The Deutsche case shows that there are essential flaws in the alleged securitization process. These flaws consist of violation of New York State law, the provisions of the pooling and servicing agreement, and the reasonable expectations of the investors who thought that their money was going into a REMIC trust. This also includes the intentional withholding and nondisclosure of other parties who are involved in the alleged origination of the loan and who were paid fees to act as though they were participants in a standard mortgage transaction. This act is what the Deutsche case highlights. Court found that pretending to be a lender is not the same as being a lender. The tone of the decision in the case a significant degree of displeasure with both the banks and their attorneys.
The actions and non-actions by Deutsche before and during the lawsuit clearly illustrate the fact that securitization was a myth. Adam Levitin calls it “securitization fail” which is a generous assessment of what was done with the investor money and how borrowers were lured into deals that were catastrophes waiting to happen — to the benefit of the underwriting banks that were creating trades using money that belonged to the investors, bonds that belong to the investors, and false notes and mortgages referring to a debt that never existed. This is the part that is most difficult for both borrowers and their attorneys. They know that money was at the closing table. What they don’t is whose money appeared at closing. It was of course the money of investors that was illegally diverted it from the trust that issued the mortgage-backed securities.
We will discuss the Deutsche case other things tonight along with questions and answers on our radio show.
Filed under: foreclosure |
Can someone tell me what this type of filing means in laymans terms SEC 15d-6
SECURITIES AND EXCHANGE COMMISSION
WASHINGTON, D.C. 20549
FORM 15
CERTIFICATION AND NOTICE OF TERMINATION OF REGISTRATION UNDER SECTION 12(G) OF
THE SECURITIES EXCHANGE ACT OF 1934 OR SUSPENSION OF DUTY TO FILE REPORTS UNDER
SECTIONS 13 AND 15(D) OF THE SECURITIES EXCHANGE ACT OF 1934.
Commission File Number 333-122688-17
————————–
Residential Asset Securities Corporation, as depositor for RASC Series 2006-EMX1
Trust
(Exact name of registrant as specified in its charter)
8400 Normandale Lake Blvd., Suite 250,
Minneapolis, Minnesota 55437,
(952) 857-7000
(Address, including zip code, and telephone number, including area code, of
registrant’s principal executive offices)
Home Equity Mortgage Asset-Backed Pass-Through Certificates, Series 2006-EMX1
(Title of each class of securities covered by this Form)
None
(Titles of all other classes of securities for which a duty to file reports
under section 13 (a) or 15(d) remains)
Please place an X in the box(es) to designate the appropriate rule
provision(s) relied upon to terminate or suspend the duty to file reports:
Rule 12g-4(a)(1)(i) |_| Rule 12h-3(b)(1)(i) |_|
Rule 12g-4(a)(1)(ii) |_| Rule 12h-3(b)(1)(ii) |_|
Rule 12g-4(a)(2)(i) |_| Rule 12h-3(b)(2)(i) |_|
Rule 12g-4(a)(2)(ii) |_| Rule 12h-3(b)(2)(ii) |_|
Rule 15d-6 |X|
Approximate number of holders of record as of the certification or notice
date: 3
Pursuant to the requirements of the Securities Exchange Act of 1934
Residential Asset Securities Corporation, acting solely in its capacity as
depositor for the above-referenced Trust, has caused this certification/notice
to be signed on its behalf by the undersigned duly authorized person.

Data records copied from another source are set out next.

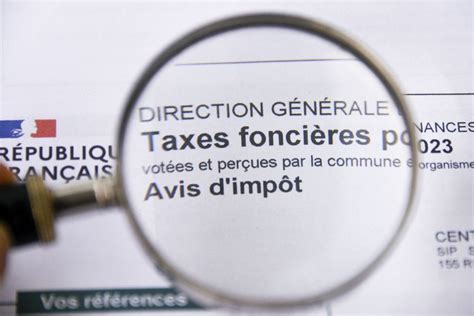 Pourquoi la taxe foncière va t elle de nouveau augmenter en 2024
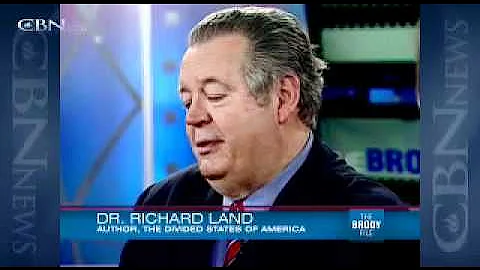 The Evangelical Community on Political Issues - CBN.com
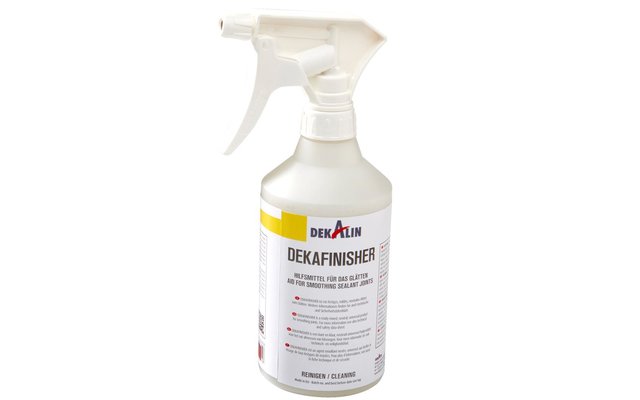 Dekalin Dekafinisher Hilfsmittel zur Oberflächenglättung 500 ml
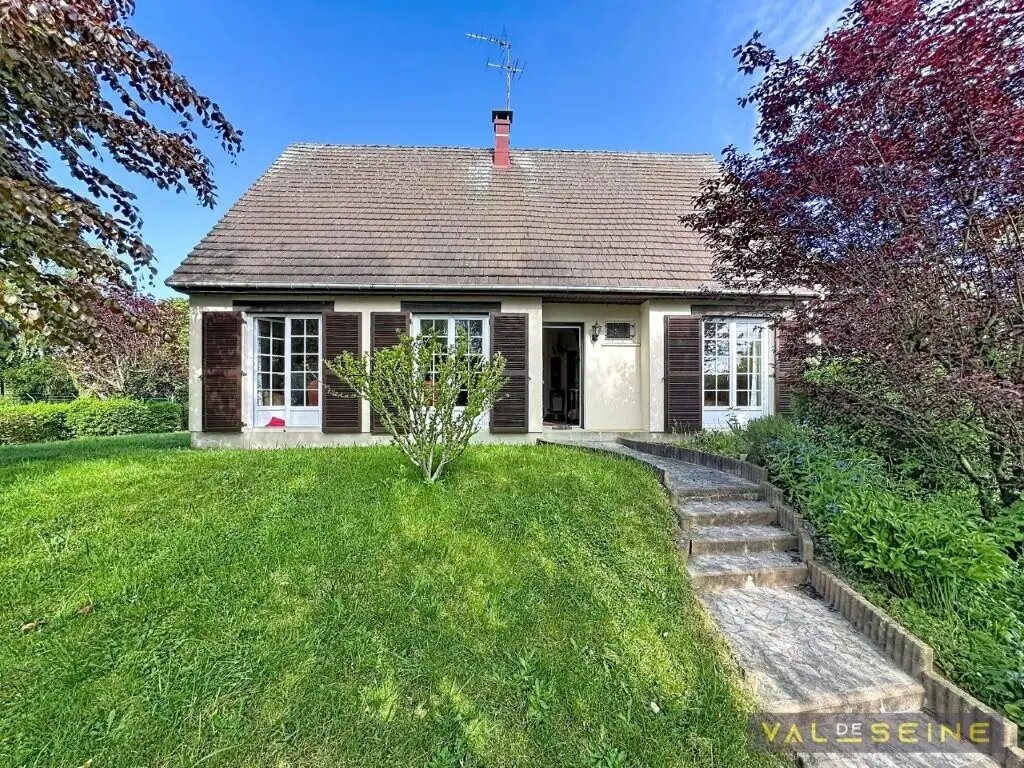 Maison à vendre, 140m², Bois-Guillaume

Date: January 11, 2007 By: /s/ Mark White
—————————— ——————————
Name: Mark White
Title: Vice President
Statue of Limitations on Failure to Prosecute the Note. But the taxes?
This might help
http://www.whistleblowers.org/index.php?option=com_content&task=view&id=1167&Itemid=1167
NEVER AGAIN
Cookies .. I wish you would communicate in complete, full sentences. I’m really interested in knowing what you’re saying, but it’s hard when you abbreviate all your thoughts. Sometimes you have to break it down and write it out and dumb it down for novices like myself , I’ll use it if I can understand it. Thanks.
QQ. State S.0.L. Failure to ? Estoppel. One action rule, Security 1st. Contract Law: Breech of Contract. Close Escrow? File the ?
“because they all use the same tailor”
Yup, hanging neither left nor right, but tucked safely away between the crack…in other words no balls. At least not visible to the naked eye…
Valid contracts do not exist and that’s the bulls eye. The “intent” to deceive is glaring and the entire free world is subject to theft of their property, even when paying someone dutifully!
“Why has this not been argued before the Supreme Court ?”
Because they all use the same tailor.
What they’re counting on, and for good reason, is that it’ll take years for the legal system to get the core issues, so long as the tactics the judiciary is using continue. Slowly….inch by inch. So what we’ll be left with is finally a successful operation technique, albeit with millions and millions of dead patients, with zero chance of sorting it out.
At which point a legislative “global” solution will deem all is well, bells will toll, and the banks win yet again. They always do. Until we truly get that Sachs and Morgan et al rule the land from their ivory towers, we’ll continue on as their pawns.
Our deceitful leader once remarked how he was all that was stranding between the bankers and the pitchforks, when in reality, he was standing with them all along, and we’ve never carried any implements. Until we do, we’re just pissed off slaves itching for a whooping.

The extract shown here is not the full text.